Max Allan Collins, in an introduction to this reprinting, remarks that Carter makes Richard Stark's Parker "look like Rebecca of Sunnybrook Farm". This doesn't seem fair to me. Carter and Parker are different but I think they would work together just fine. They share most of the same priorities and are both extremely competent and in control of themselves.

In Jack Carter's Law Carter's employers are about to lose everything, thanks to an informer who's handing the keys to the kingdom over to the police. Carter is like a gale-force wind blowing through London, trying everything he can think of to turn the situation around.

Not only does Lewis write scenes of action and violence in a dazzlingly understated fashion, he also gives Carter wicked senses of humor and irony. These two are not overdone. You won't be mistaking Carter for James Bond or Arnold Schwarzenegger.

I was quite sad to reach the last page. Good thing there's another Carter book! The first line of Jack Carter's Law is "The parked Rover shudders and sways in the wet wind that races down Plender Street".

2014 November 10 • Monday

The score for The Cosmic Man, with music composed by Paul Sawtell and Bert Shefter and released by Monstrous Movie Music as half of a two-CD set (with Sawtell & Shefter's music for Kronos), is the 344th Soundtrack of the Week.

At first listen to The Cosmic Man, I thought it was one of the greatest theremin records ever. Apparently, however, there's no theremin on it at all. The electric violin can produce very similar sounds and does so here (and on Kronos).

The music in The Cosmic Man is very clearly marked by mood: danger, suspense, romance, action. What's most impressive about it is how effectively these moods are sustained, drawn out for surprisingly long sections without losing the listener's interest. And anytime something extra is needed, the electric violin is there!

2014 November 07 • Friday

It's always nice when there's another Coin-Op book!

The Hoeys are on their way to being national treasures, if you ask me.
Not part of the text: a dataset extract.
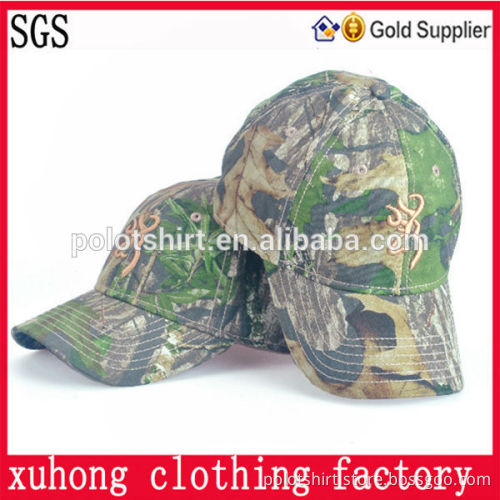 custom 6 panel digital camo baseball hats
Their latest "single" is about two guitar-playing dogs who freak out a folk festival by plugging in and turning up. The short story is told in rhyme and is charming.

Get it here!

2014 November 05 • Wednesday

Here's another great book I found on a Park Slope street: The Rage by Gene Kerrigan.
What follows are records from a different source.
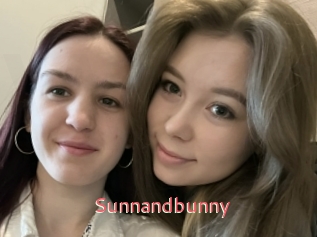 Sunnandbunny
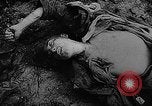 Standbild Ausbildung von japanischen Soldaten in Zweiten Weltkrieg Marianen, 1945, aus Sekunde 25 historischem Filmmaterial Videoclip 65675052672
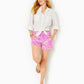 LILO LINEN SHORT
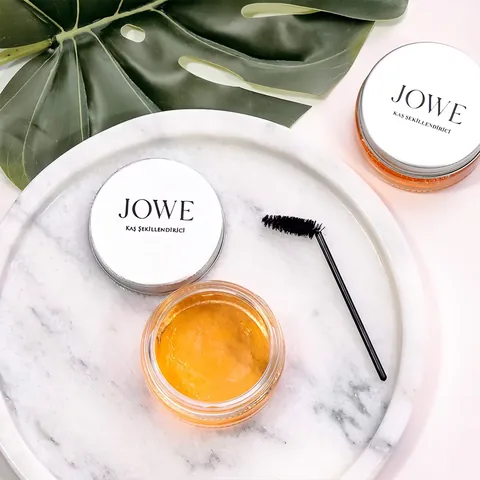Jowe مثبت الحواجب جووي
I'd never heard of Kerrigan but The Rage won the Gold Dagger for Best Crime Novel in 2012. It also combines two sub-genres I enjoy: the police procedural and the heist story. In addition there are a complex web of relationships and circumstances, a violent psycho, an unsolved case that powerful people want left alone, skeletons in closets and bloody vengeance.

And I'm partial to these Europa editions. They're well made and pleasant to handle and read.

Some bits of The Rage read like an echo of Ted Lewis's Jack's Return Home (better known as Get Carter). The action takes place in a Dublin reeling from being massively screwed by unpunishable finance manipulators. It's not a story about justice but about trying to balance things, doing your best and living with the consequences—if you live.

After a pointless, unnecessary and overused Raymond Chandler quote, The Rage begins, "His fingers gripped the thick wooden rail, both hands clenching so hard that it felt like he might crush the wood to splinters".

2014 November 03 • Monday

That there was more to Henry Mancini than the famous "Mancini sound" is demonstrated quite persuasively by our 343rd Soundtrack of the Week, Mancini's music for Nightwing.

It starts with a beautifully dreamy section for harps and strings, actually a bit similar, I think, to the beginning of a Radiohead song to come decades later. Then a flute melody comes in, followed by unison horns adding some darkness to the sunny soundscape.

The story of the movie is about thousands of bubonic plague-infected vampire bats that are terrorizing an Indian reservation. Mancini seems to have used some Native American instruments, perhaps the aforementioned flute, which plays the most prominent role in the score.

While there are some tense and frightening passages for the attacking bats and other action-centered scenes, in general the music is ethereal, dreamy and beautiful, meditative in places. This is one of Mancini's best, though it seems never to come up in any discussion of his work.